**What you have to do**
Would you transcribe the entries below word for word, omitting all images?

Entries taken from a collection
******************************

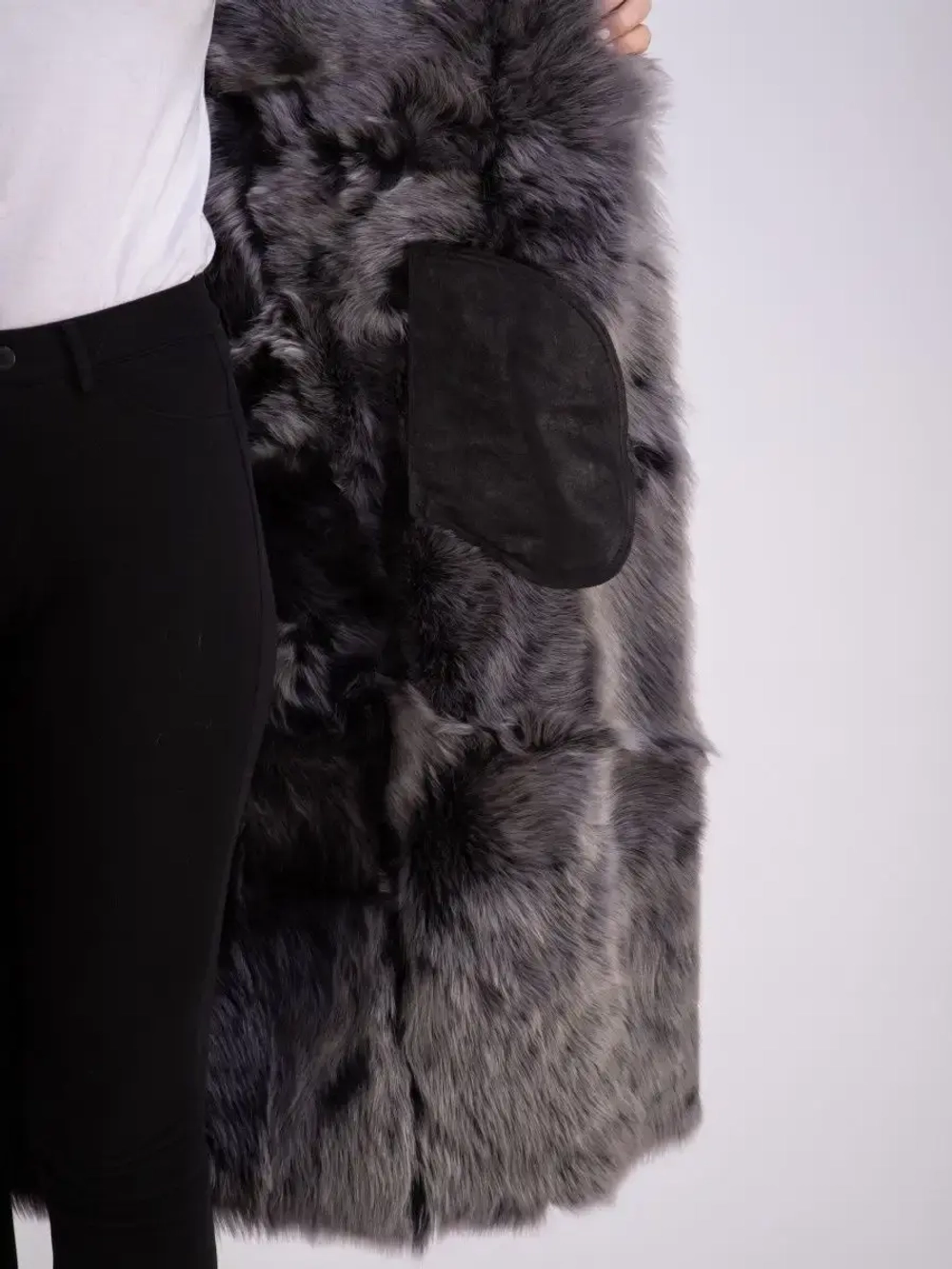 Дубленка натуральная с капюшоном длинная Турция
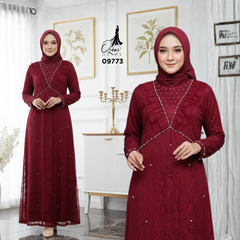 GAMIS OZIAS BROKAT IMPORT 09773 LD 105 I Gamis Fashion Remaja I Gamis Kondangan Dewasa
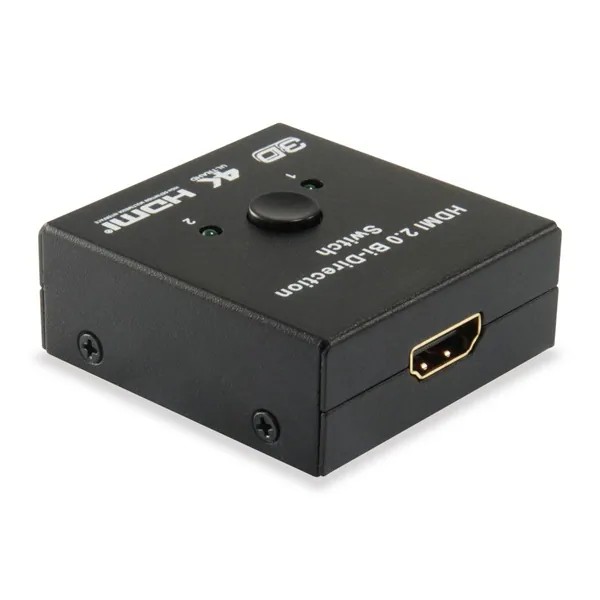 Equip HDMI Switch - 332723 (1x Bemenet, 2x Kimenet, két irányú jelátvitel, fekete) – 2. kép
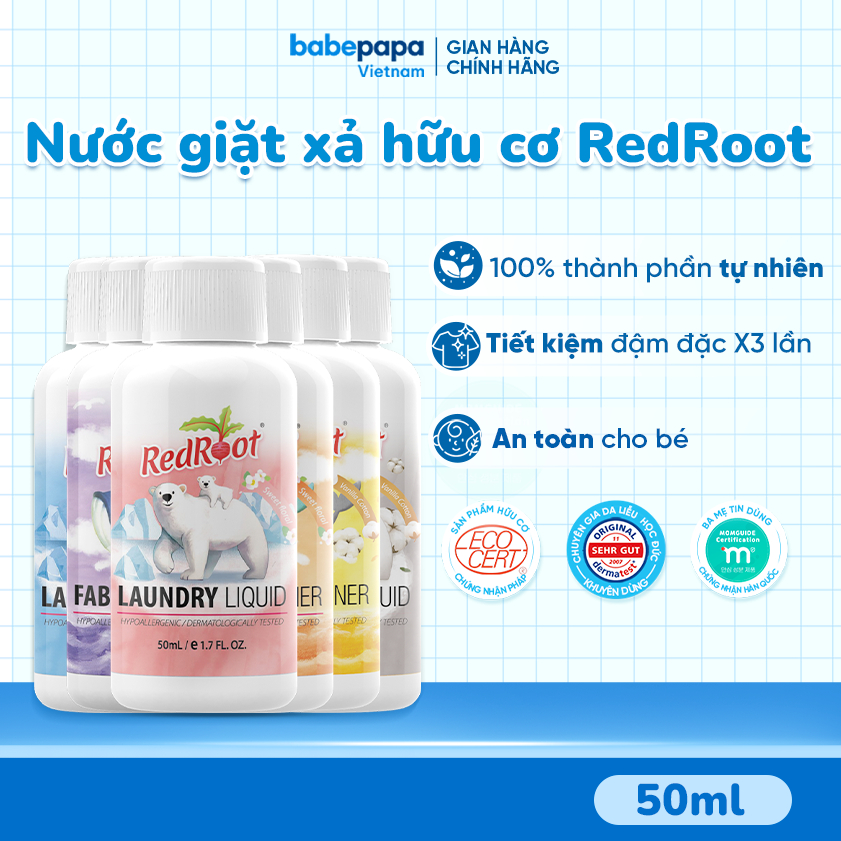 Nước Giặt Xả Redroot Travelsize 50ml Hữu Cơ An Toàn Lành Tính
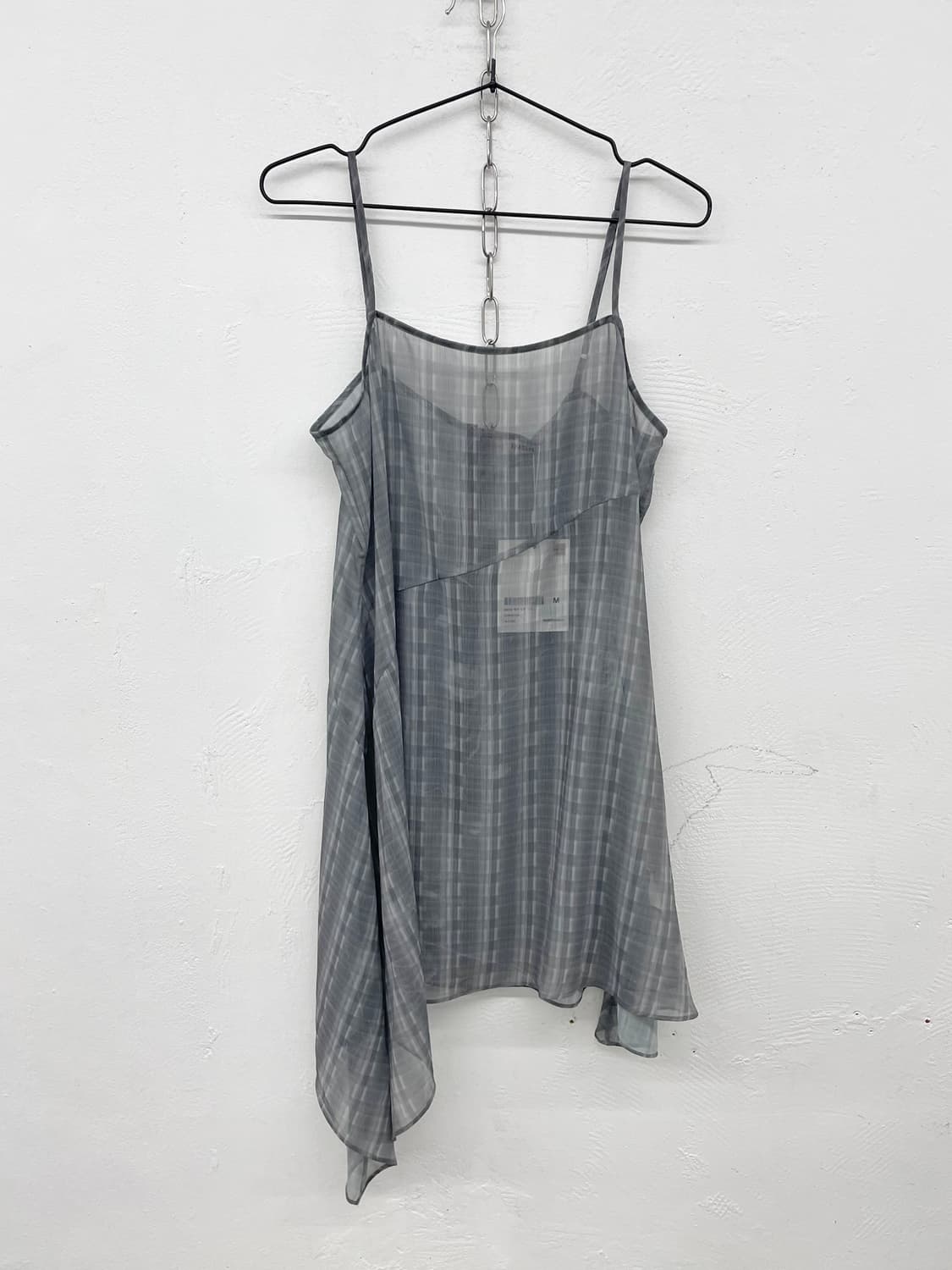 인사일런스 우먼 체크 레이어드 언발 원피스 상품이미지4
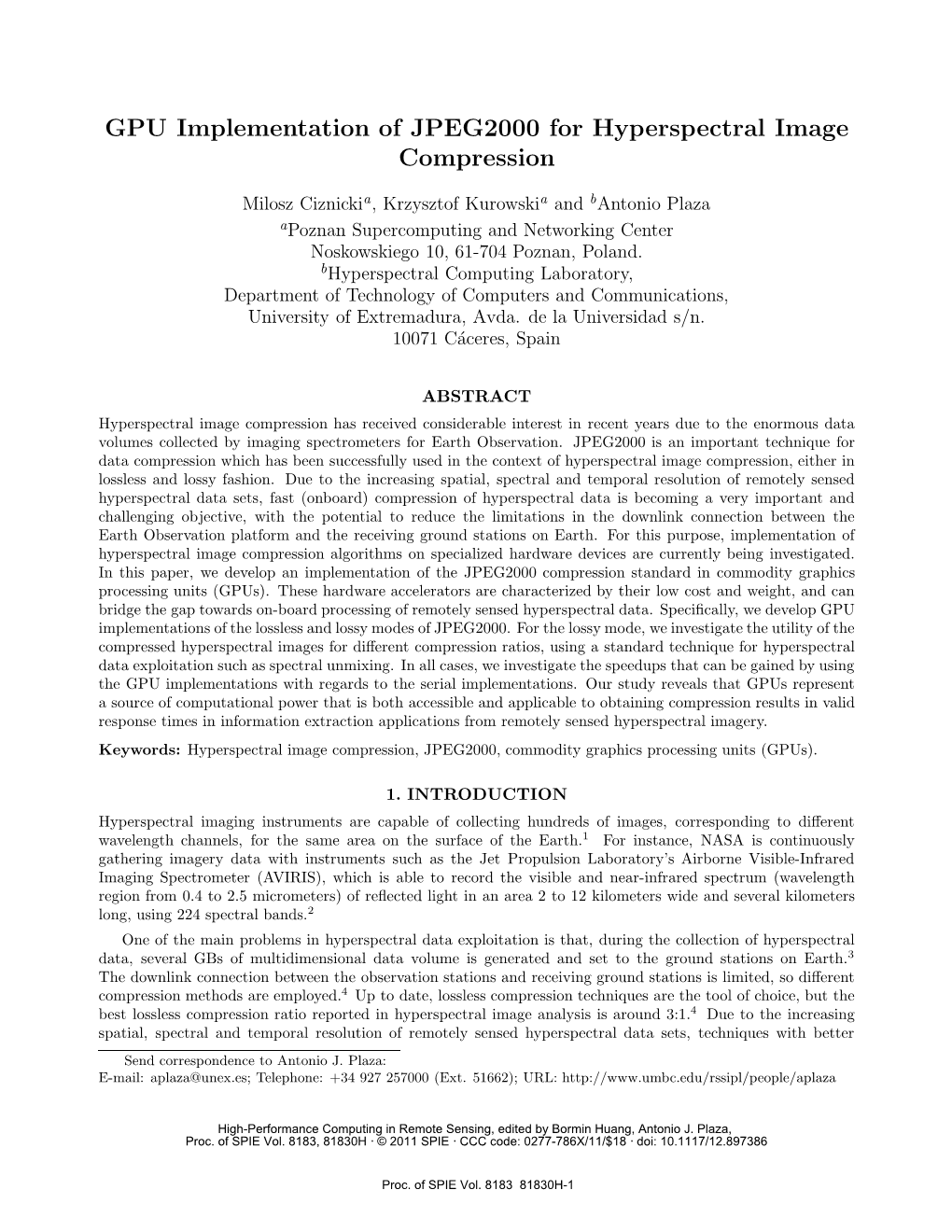 GPU Implementation of JPEG2000 for Hyperspectral Image Compression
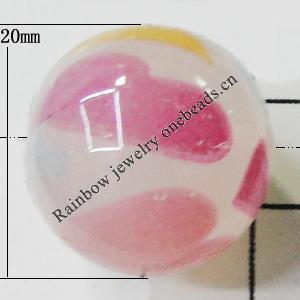 Watermark Acrylic Beads, Round 20mm Hole:2mm, Sold by Bag 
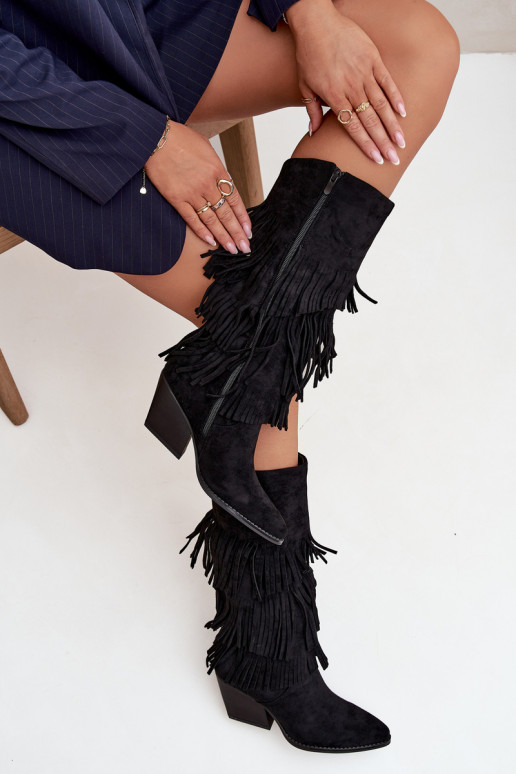 Pašiltění černé vysoké boty v cowboyském stylu s třásněmi, Brivina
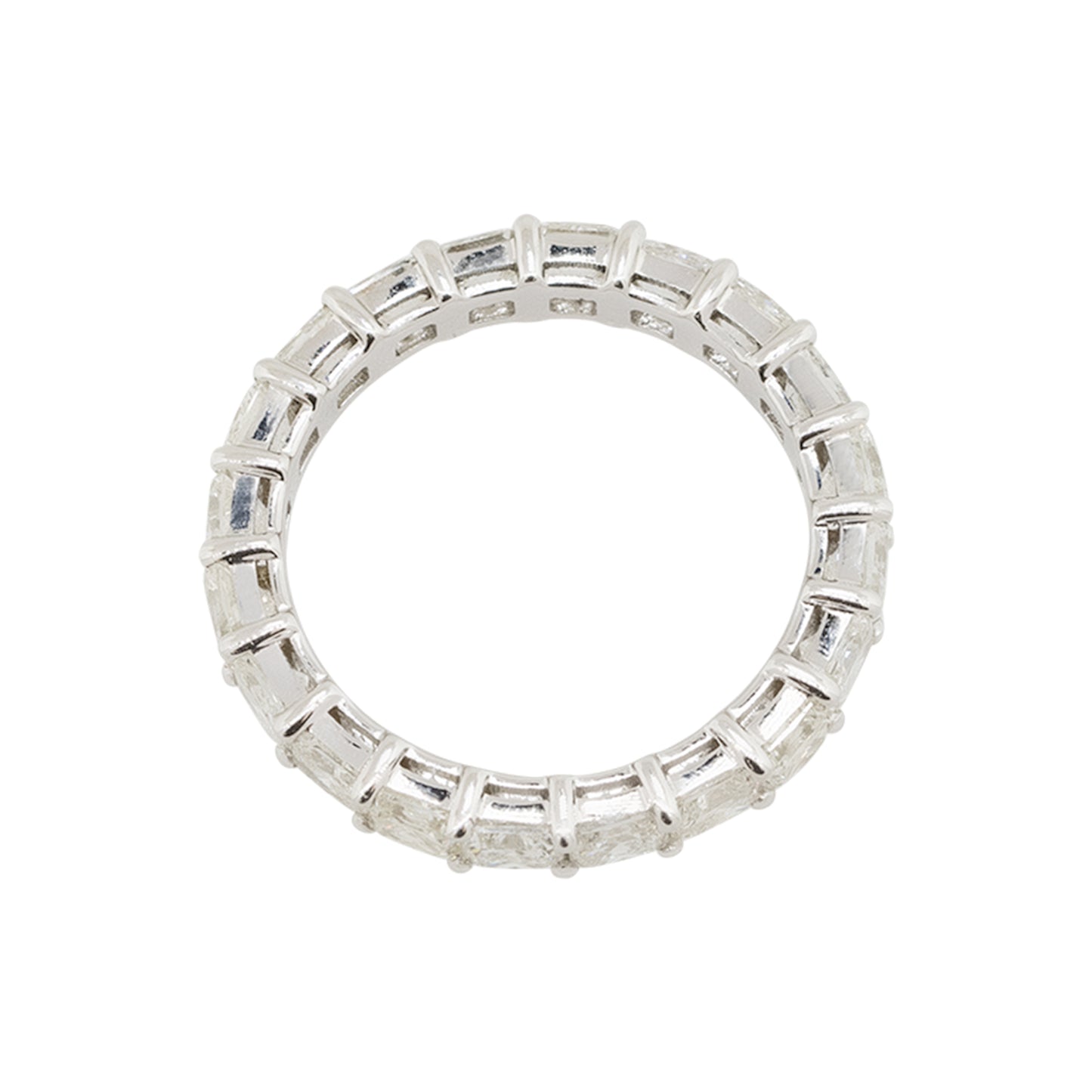 14k White Gold 2.92ctw Radiant Cut Diamond Eternity Band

******************************

**Response**
 Дубленка натуральная с капюшоном длинная Турция
 GAMIS OZIAS BROKAT IMPORT 09773 LD 105 I Gamis Fashion Remaja I Gamis Kondangan Dewasa
 Equip HDMI Switch - 332723 (1x Bemenet, 2x Kimenet, két irányú jelátvitel, fekete) – 2. kép
 Nước Giặt Xả Redroot Travelsize 50ml Hữu Cơ An Toàn Lành Tính
 인사일런스 우먼 체크 레이어드 언발 원피스 상품이미지4
 GPU Implementation of JPEG2000 for Hyperspectral Image Compression
 Watermark Acrylic Beads, Round 20mm Hole:2mm, Sold by Bag 
 Pašiltění černé vysoké boty v cowboyském stylu s třásněmi, Brivina
 14k White Gold 2.92ctw Radiant Cut Diamond Eternity Band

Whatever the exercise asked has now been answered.